## [Work instruction]
Print, exactly as they stand, the lines from the start of the listing to the line containing "Rainbow Elephant Bush", inclusive.

======== Material for this task

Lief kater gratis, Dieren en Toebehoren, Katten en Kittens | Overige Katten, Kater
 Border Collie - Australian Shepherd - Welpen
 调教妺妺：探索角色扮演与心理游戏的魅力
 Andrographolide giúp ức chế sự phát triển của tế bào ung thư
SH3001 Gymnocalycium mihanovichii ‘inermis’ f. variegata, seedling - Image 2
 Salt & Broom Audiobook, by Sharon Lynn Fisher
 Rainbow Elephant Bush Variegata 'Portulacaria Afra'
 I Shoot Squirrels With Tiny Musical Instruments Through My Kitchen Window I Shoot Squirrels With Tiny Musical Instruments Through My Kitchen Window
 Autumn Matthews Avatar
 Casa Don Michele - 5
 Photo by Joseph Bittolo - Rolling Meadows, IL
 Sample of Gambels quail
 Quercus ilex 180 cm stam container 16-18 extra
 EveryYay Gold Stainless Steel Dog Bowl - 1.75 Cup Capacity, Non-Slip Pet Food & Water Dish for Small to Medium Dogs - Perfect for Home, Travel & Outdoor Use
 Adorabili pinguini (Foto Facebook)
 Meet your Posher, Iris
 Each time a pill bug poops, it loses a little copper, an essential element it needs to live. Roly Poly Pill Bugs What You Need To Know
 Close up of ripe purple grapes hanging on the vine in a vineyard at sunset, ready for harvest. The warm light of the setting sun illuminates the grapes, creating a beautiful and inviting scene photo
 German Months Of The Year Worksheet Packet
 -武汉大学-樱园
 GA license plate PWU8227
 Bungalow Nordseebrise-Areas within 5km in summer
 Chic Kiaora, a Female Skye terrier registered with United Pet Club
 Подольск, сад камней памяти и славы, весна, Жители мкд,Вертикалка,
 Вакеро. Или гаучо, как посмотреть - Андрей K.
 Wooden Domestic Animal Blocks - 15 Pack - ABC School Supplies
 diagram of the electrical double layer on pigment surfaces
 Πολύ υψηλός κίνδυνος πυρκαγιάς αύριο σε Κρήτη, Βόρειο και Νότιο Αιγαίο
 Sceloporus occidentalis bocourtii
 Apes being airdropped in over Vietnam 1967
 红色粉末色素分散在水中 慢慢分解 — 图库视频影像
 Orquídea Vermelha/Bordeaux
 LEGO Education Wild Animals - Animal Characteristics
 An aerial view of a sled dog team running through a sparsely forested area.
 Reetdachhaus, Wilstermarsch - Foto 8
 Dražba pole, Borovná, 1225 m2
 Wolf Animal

================

## [Final answer]
Lief kater gratis, Dieren en Toebehoren, Katten en Kittens | Overige Katten, Kater
 Border Collie - Australian Shepherd - Welpen
 调教妺妺：探索角色扮演与心理游戏的魅力
 Andrographolide giúp ức chế sự phát triển của tế bào ung thư
SH3001 Gymnocalycium mihanovichii ‘inermis’ f. variegata, seedling - Image 2
 Salt & Broom Audiobook, by Sharon Lynn Fisher
 Rainbow Elephant Bush Variegata 'Portulacaria Afra'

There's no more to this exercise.